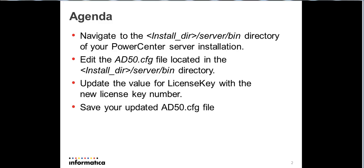Next, we'll edit the AD50.cfg file located in the server bin directory, and we will update the value for LicenseKey with your Address Doctor license number.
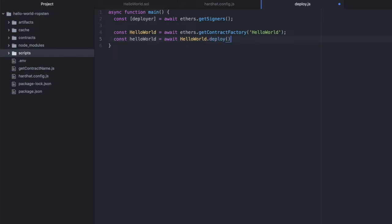Or I should say we will assign the deployed instance to a variable called helloWorld with a lowercase first letter. And we're doing this because we want to print the address that it was deployed to.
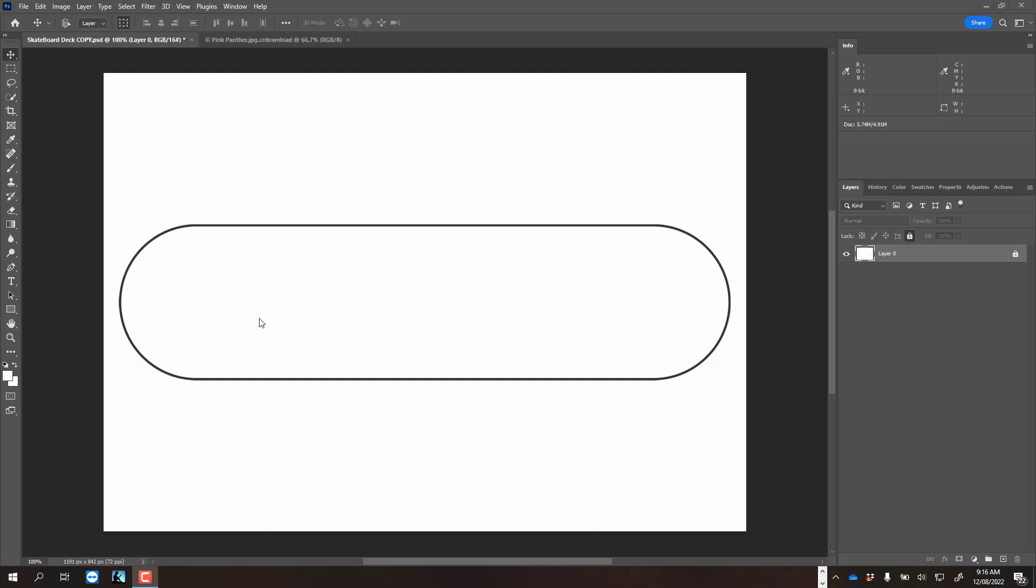Okay, so here's the skateboard on its own layer. I've made sure I've locked that layer. What I want to be able to do is put some images just inside here, but to be able to change them easily.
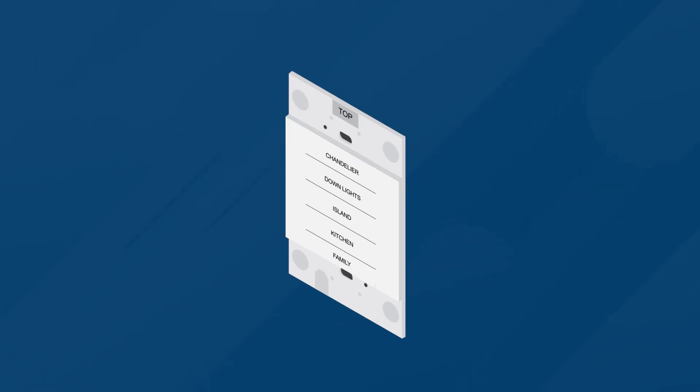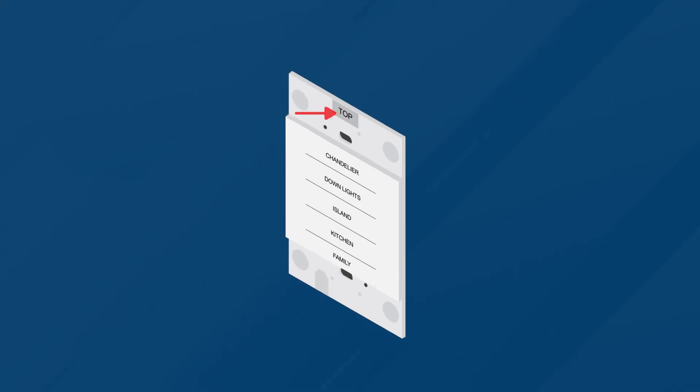Secure the HZ-KPCN to the electrical box using the integrated mounting screws on the device. Ensure that the top label is properly oriented. These screws should be loose to the wall. Do not over-tighten the screws when attaching the keypad to the electrical box. Damage to the unit and undesired functionality may occur.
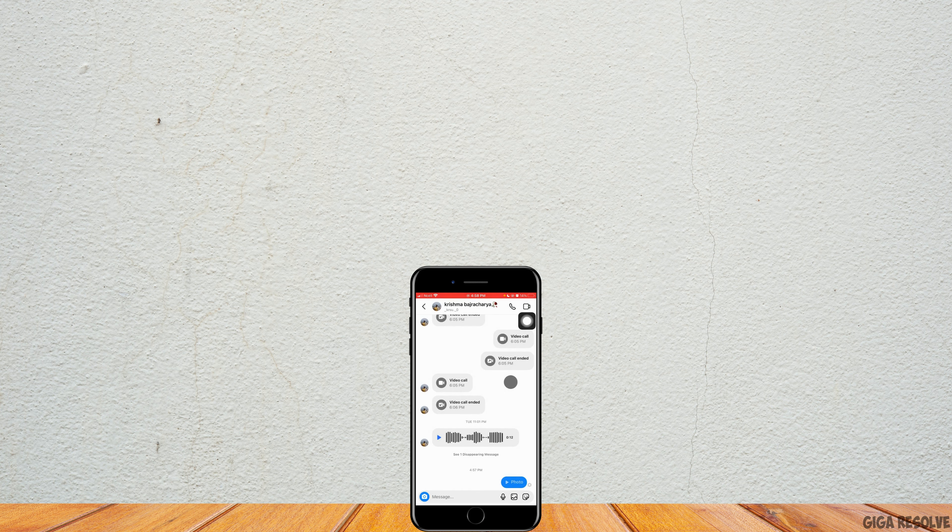That means the person has screenshotted the picture that you sent. Also, when you see the details, you'll see there is a 'screenshot' indicator — that means they have screenshotted your picture. That is all for today's video, thank you so much for watching till the end.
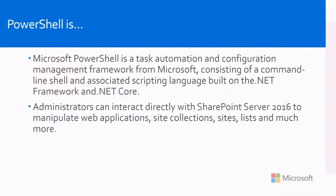So administrators can also manipulate web applications, right? Yep. So administrators can do SharePoint 2016 as well as 2013. You can manipulate web applications, site collections, sites, lists, much more. Basically if there is a UI screen element inside of the product itself, PowerShell can actually access that particular UI element, anything you really want.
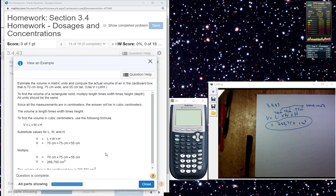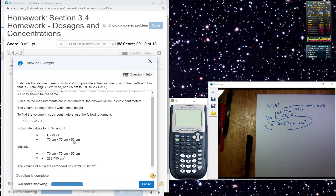Volume is equal to length times the width times the height. So over here you see I have used the formula. I assign values to my variables that I plugged in. And there's my answer there, cubic centimeters.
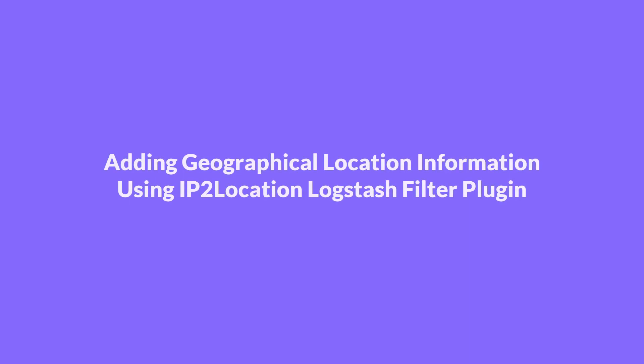In this tutorial, I will demonstrate how to add geographical location information by using the IP2Location Logstash filter plugin.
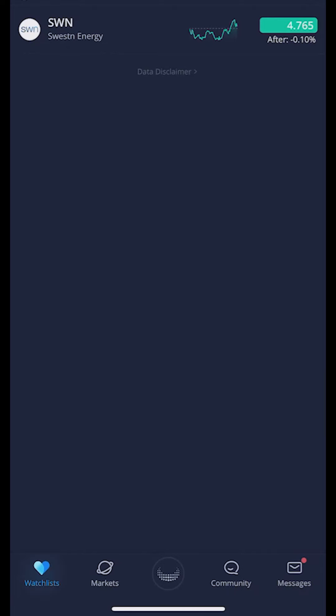Hey everyone, welcome back to the Webull tutorial series. In today's video we're going to learn how to place a trailing stop in the Webull mobile platform.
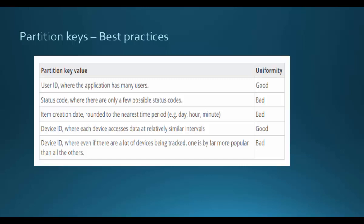If you have an attribute which will have multiple values, then it's a best practice to define this as a partition key. They've given an example of a user ID where an application will have multiple users. Because you have many users defined for the application system, you will have multiple user IDs and hence it's a good practice to define this as the partition key.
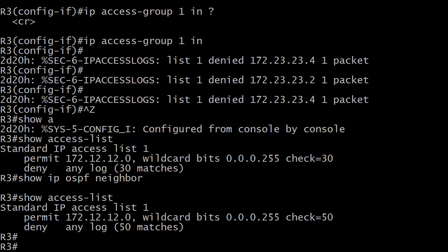So the best thing you can do is just remove the access list immediately. Make sure the adjacencies come back up, which they should. And once they have, then look at the ACL and say, okay, here's the other traffic that I need to allow in order to keep my OSPF adjacencies. But just wanted to show that to you because you can write an ACL and then remember, OSPF hellos, they need to go through.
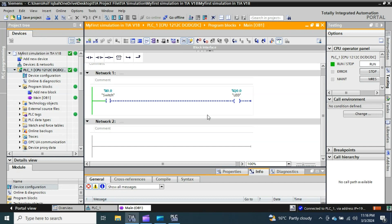I focused in this video on teaching you how to create a very simple project in TIA Portal version 18 and how to use PLC SIM version 18 to simulate and check the status in real time. I hope you liked this video. If you have any questions or comments, write in the comment box and I will try my best to answer. Don't forget to like, subscribe, and share this video. Take care and stay well!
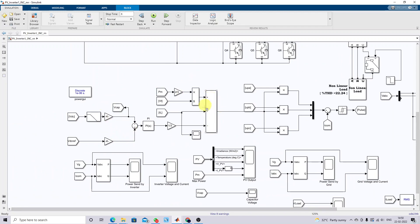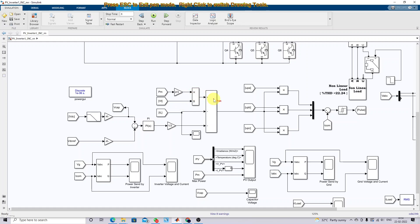This is the control logic. Here we are not using any PLL — phase lock loop — concept. Without the phase lock loop concept, we are generating the reference current, which is going to be compared with the voltage source inverter current for generating pulses to control the voltage source inverter. Here you can see the PV power and the terminal voltage of the voltage source inverter.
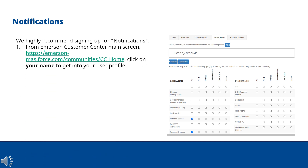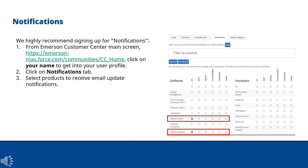From the Emerson Customer Center main screen at emerson-mas.force.com/communities/cc_home, click on your name to get into your user profile. Click on the Notifications tab and select the desired products to receive email update notifications.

# # #

WHAT THIS TASK INVOLVES: The result should be an exact copy of every entry above, with no pictures included.

WRITTEN ANSWER:
Next, we'll edit the AD50.cfg file located in the server bin directory, and we will update the value for LicenseKey with your Address Doctor license number.
Or I should say we will assign the deployed instance to a variable called helloWorld with a lowercase first letter. And we're doing this because we want to print the address that it was deployed to.
Okay, so here's the skateboard on its own layer. I've made sure I've locked that layer. What I want to be able to do is put some images just inside here, but to be able to change them easily.
Secure the HZ-KPCN to the electrical box using the integrated mounting screws on the device. Ensure that the top label is properly oriented. These screws should be loose to the wall. Do not over-tighten the screws when attaching the keypad to the electrical box. Damage to the unit and undesired functionality may occur.
That means the person has screenshotted the picture that you sent. Also, when you see the details, you'll see there is a 'screenshot' indicator — that means they have screenshotted your picture. That is all for today's video, thank you so much for watching till the end.
So administrators can also manipulate web applications, right? Yep. So administrators can do SharePoint 2016 as well as 2013. You can manipulate web applications, site collections, sites, lists, much more. Basically if there is a UI screen element inside of the product itself, PowerShell can actually access that particular UI element, anything you really want.
Volume is equal to length times the width times the height. So over here you see I have used the formula. I assign values to my variables that I plugged in. And there's my answer there, cubic centimeters.
In this tutorial, I will demonstrate how to add geographical location information by using the IP2Location Logstash filter plugin.
Hey everyone, welcome back to the Webull tutorial series. In today's video we're going to learn how to place a trailing stop in the Webull mobile platform.
If you have an attribute which will have multiple values, then it's a best practice to define this as a partition key. They've given an example of a user ID where an application will have multiple users. Because you have many users defined for the application system, you will have multiple user IDs and hence it's a good practice to define this as the partition key.
So the best thing you can do is just remove the access list immediately. Make sure the adjacencies come back up, which they should. And once they have, then look at the ACL and say, okay, here's the other traffic that I need to allow in order to keep my OSPF adjacencies. But just wanted to show that to you because you can write an ACL and then remember, OSPF hellos, they need to go through.
I focused in this video on teaching you how to create a very simple project in TIA Portal version 18 and how to use PLC SIM version 18 to simulate and check the status in real time. I hope you liked this video. If you have any questions or comments, write in the comment box and I will try my best to answer. Don't forget to like, subscribe, and share this video. Take care and stay well!
This is the control logic. Here we are not using any PLL — phase lock loop — concept. Without the phase lock loop concept, we are generating the reference current, which is going to be compared with the voltage source inverter current for generating pulses to control the voltage source inverter. Here you can see the PV power and the terminal voltage of the voltage source inverter.
From the Emerson Customer Center main screen at emerson-mas.force.com/communities/cc_home, click on your name to get into your user profile. Click on the Notifications tab and select the desired products to receive email update notifications.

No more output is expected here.